Bab 9: Kekosongan yang Mengalir Pelan

Esposa Sedutora Eu como pirulito. 2628kata 2026-08-01 06:31:17

Halaman (1/3)
Shen Feifei sama sekali tidak tahu apa yang ada di benak Lin Feng.
Ia hanya merasakan bahwa Lin Feng sekarang sangat marah.
Kemarahan itu membuat hatinya terus bergetar, tatapannya semakin menggoda.
Tanpa sadar, dari mulutnya keluar suara-suara kecil.
Hal itu semakin membakar hati.
Kini Lin Feng ingin meluapkan seluruh amarah yang ada dalam dirinya.
Kelembutan yang dulu ada sama sekali hilang pada saat ini.
Ketika menghadapi wanita di hadapannya, ia hanya menganggapnya sebagai alat semata.

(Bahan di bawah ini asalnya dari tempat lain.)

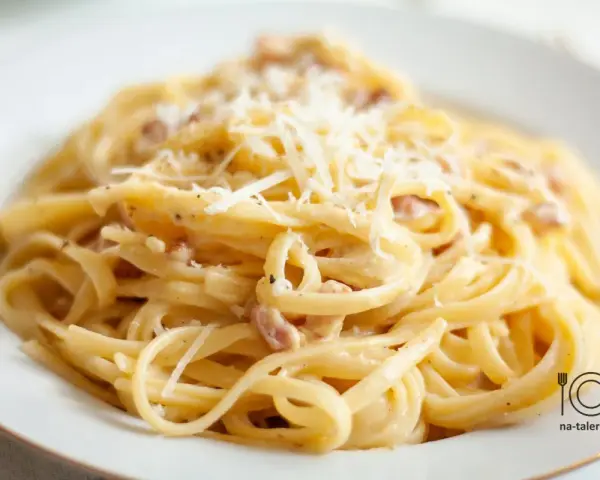 Idealna Carbonara ze Śmietaną: Sekret kremowego sosu krok po kroku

Tak ada lagi rasa belas kasih.
Ia sama sekali tidak peduli dengan permohonan Shen Feifei.
Shen Feifei tidak menyangka Lin Feng bisa menjadi begitu garang hari ini, seolah memiliki tenaga yang tak pernah habis.
Kekuatan itu membuatnya benar-benar tunduk.
Dengan raungan rendah Lin Feng,
Shen Feifei seketika menegang seluruh tubuhnya, kaku sesaat lalu benar-benar terkulai lemas.
Nafasnya semakin berat.
Berbaring di sana, ia bahkan tak ingin menggerakkan jarinya sedikit pun.
Lin Feng duduk di tepi ranjang, napasnya mulai tenang.
Tatapan Shen Feifei beralih, di matanya seolah tersembunyi kail yang siap menarik jiwa itu.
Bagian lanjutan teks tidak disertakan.